§ Work instructions
Restate the entries below in full, exactly as they read, but without pictures.

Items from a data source
§

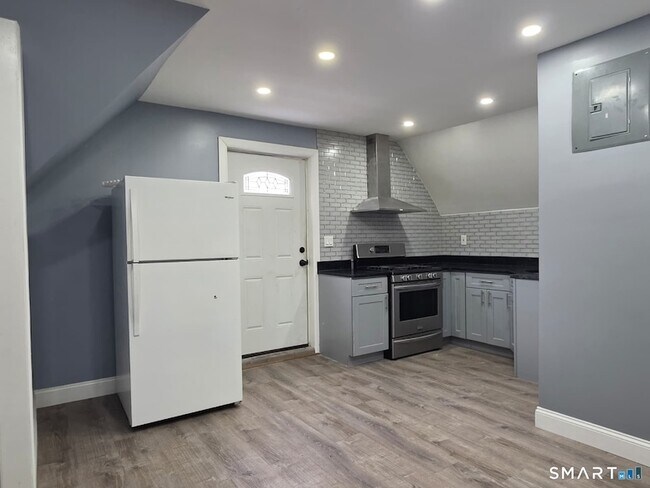 Building Photo - 979-981 Hancock Avenue Unit 3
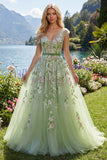 Abito da cerimonia verde a V a scollo floreale ricamato in tulle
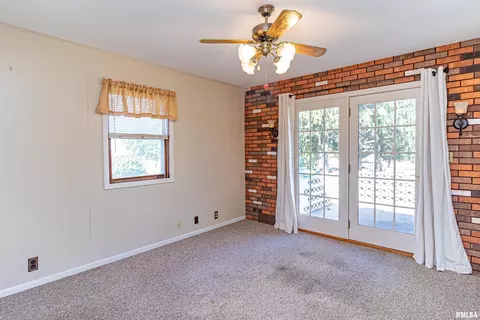 717 E Madison St, Metamora, IL 61548 photo 16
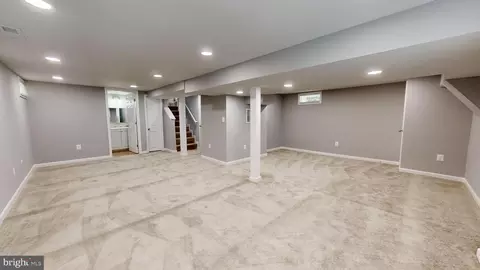 Entry Way - 4810 Lanier Ave, Baltimore, MD 21215 photo 10 of 11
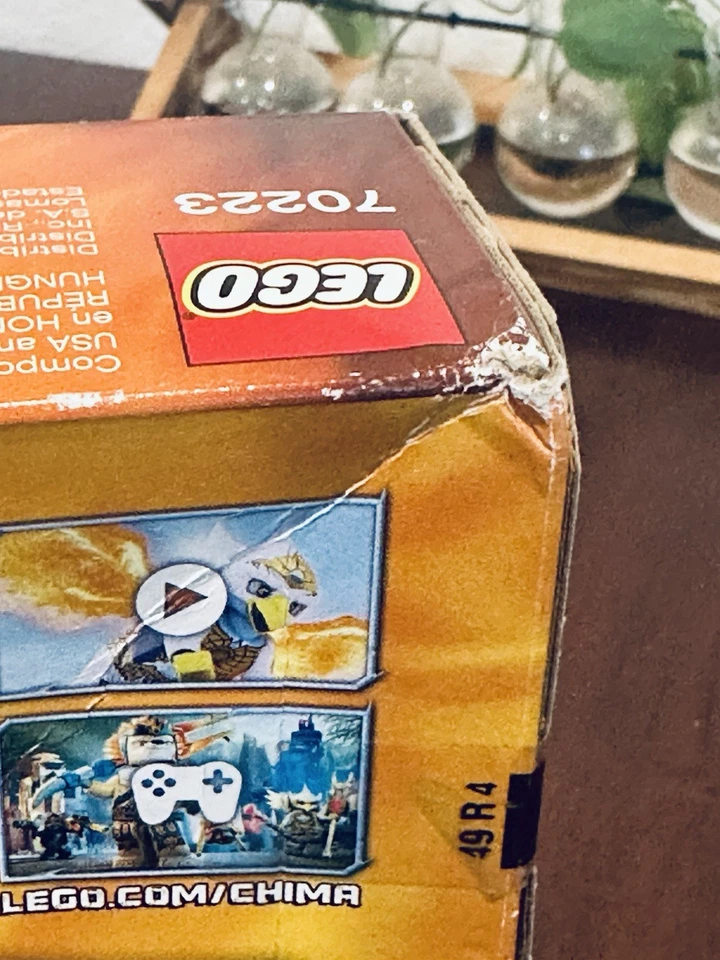 LEGO LEGENDS OF CHIMA: Icebite's Claw Driller (70223) - Image 3 of 4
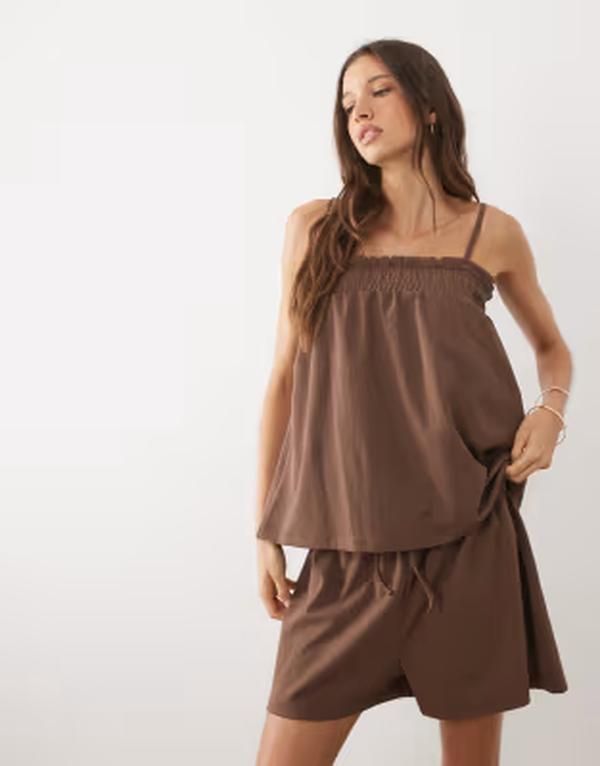 エイソス レディース トップス Tシャツ ASOS DESIGN shirred square neck cami top in chocolate part of a set Chocolate チョコレート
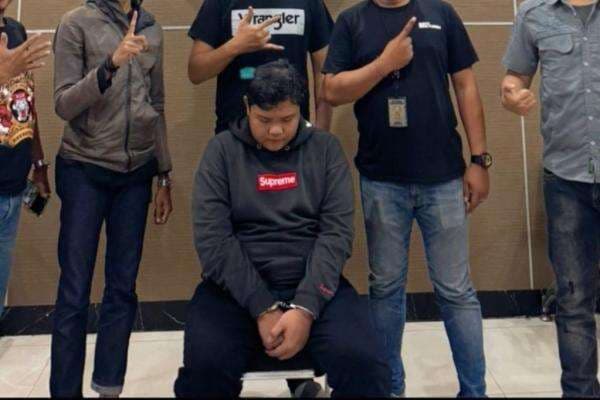 Polisi Ungkap Pelaku Begal Payudara di Lebak Bulus Sudah 2 Kali Beraksi Polisi Ungkap Pelaku Begal Payudara di Lebak Bulus Sudah 2 Kali Beraksi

§

§ Your response
 Building Photo - 979-981 Hancock Avenue Unit 3
 Abito da cerimonia verde a V a scollo floreale ricamato in tulle
 717 E Madison St, Metamora, IL 61548 photo 16
 Entry Way - 4810 Lanier Ave, Baltimore, MD 21215 photo 10 of 11
 LEGO LEGENDS OF CHIMA: Icebite's Claw Driller (70223) - Image 3 of 4
 エイソス レディース トップス Tシャツ ASOS DESIGN shirred square neck cami top in chocolate part of a set Chocolate チョコレート
 Polisi Ungkap Pelaku Begal Payudara di Lebak Bulus Sudah 2 Kali Beraksi Polisi Ungkap Pelaku Begal Payudara di Lebak Bulus Sudah 2 Kali Beraksi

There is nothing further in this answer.